Trithrinax species are spiny fan palms native to South America. They are resistant to cold, heat, wind, drought, poor soils and other adverse environmental conditions. Seeds germinate fast, but their overall growth rate is distinctly slow.

==Description==
Common features of Trithrinax species include:
- Flowers: Inflorescences, in the order of hundreds of units. Flowers with three sepals, three petals, six stamens and three carpels.
- Stem: Dead foliage is kept as a thick and spiny coat around the trunk.
- Leaves: Fan shaped (palmate), composed of strong resistant fibers.
- Shoots: Red coloured.

==Taxonomy==

In the first edition of Genera Palmarum (1987), Natalie Uhl and John Dransfield placed the genus Trithrinax in subfamily Coryphoideae, tribe Corypheae and subtribe Thrinacinae. Subsequent phylogenetic analyses showed that the Old World and New World members of Thrinacinae are not closely related.

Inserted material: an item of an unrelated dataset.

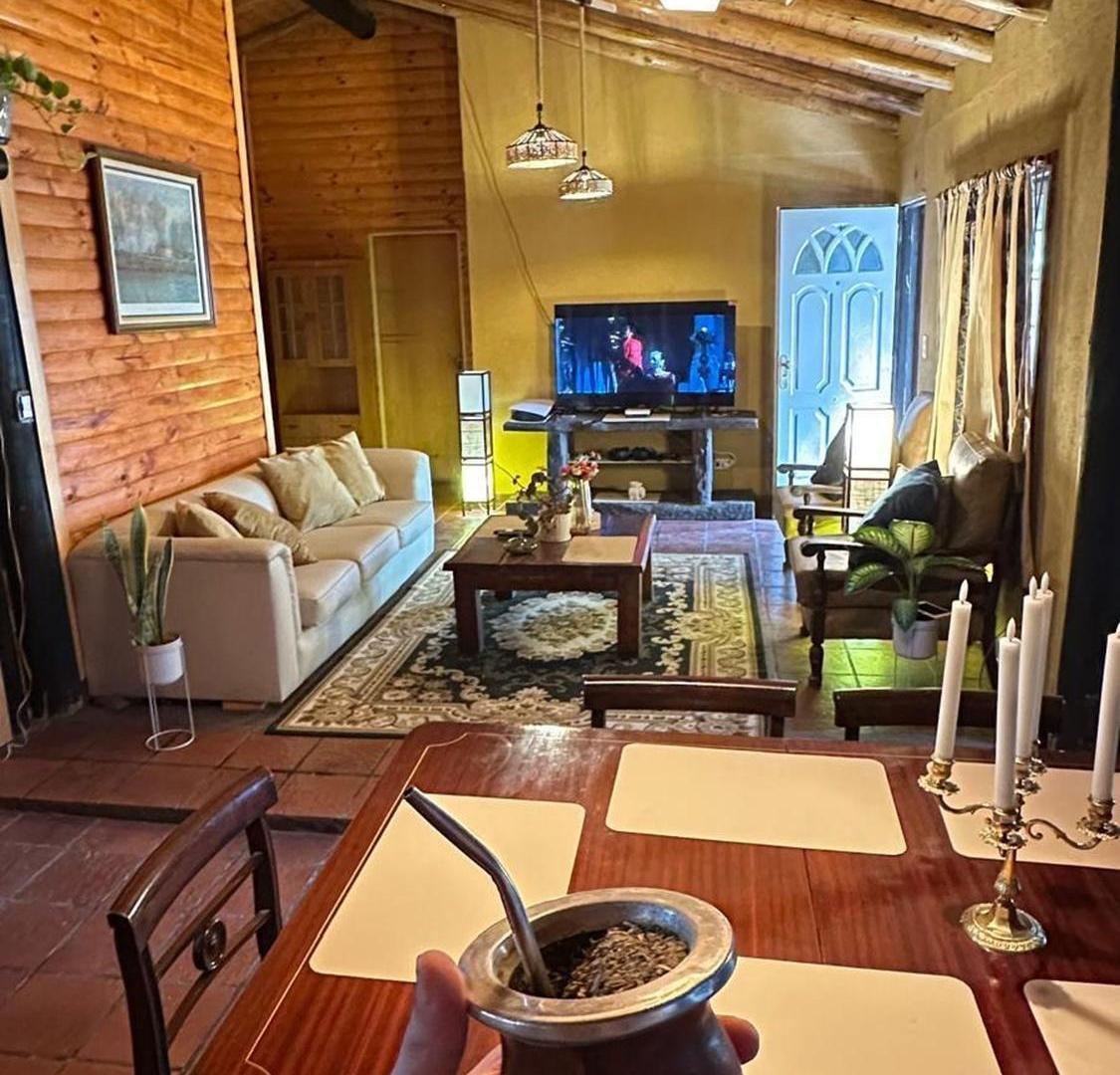 Venta casa 4 ambientes con pileta Trujui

As a consequence, Trithrinax and related genera have been placed in their own tribe, Cryosophileae.

==Habitat==
Trithrinax species are spread along vast subtropical zones of South America: Bolivia, Brazil, Paraguay, Uruguay, Argentina. They prefer dry, open or forest clearing, environments, with moderate to cold winters.

==Usage==
Leaf fibers are used as raw material for textiles, rustic clothing, and handicrafts. Oil can also be extracted from seeds. Fruits are sometimes used locally, fermented, to produce alcoholic beverages.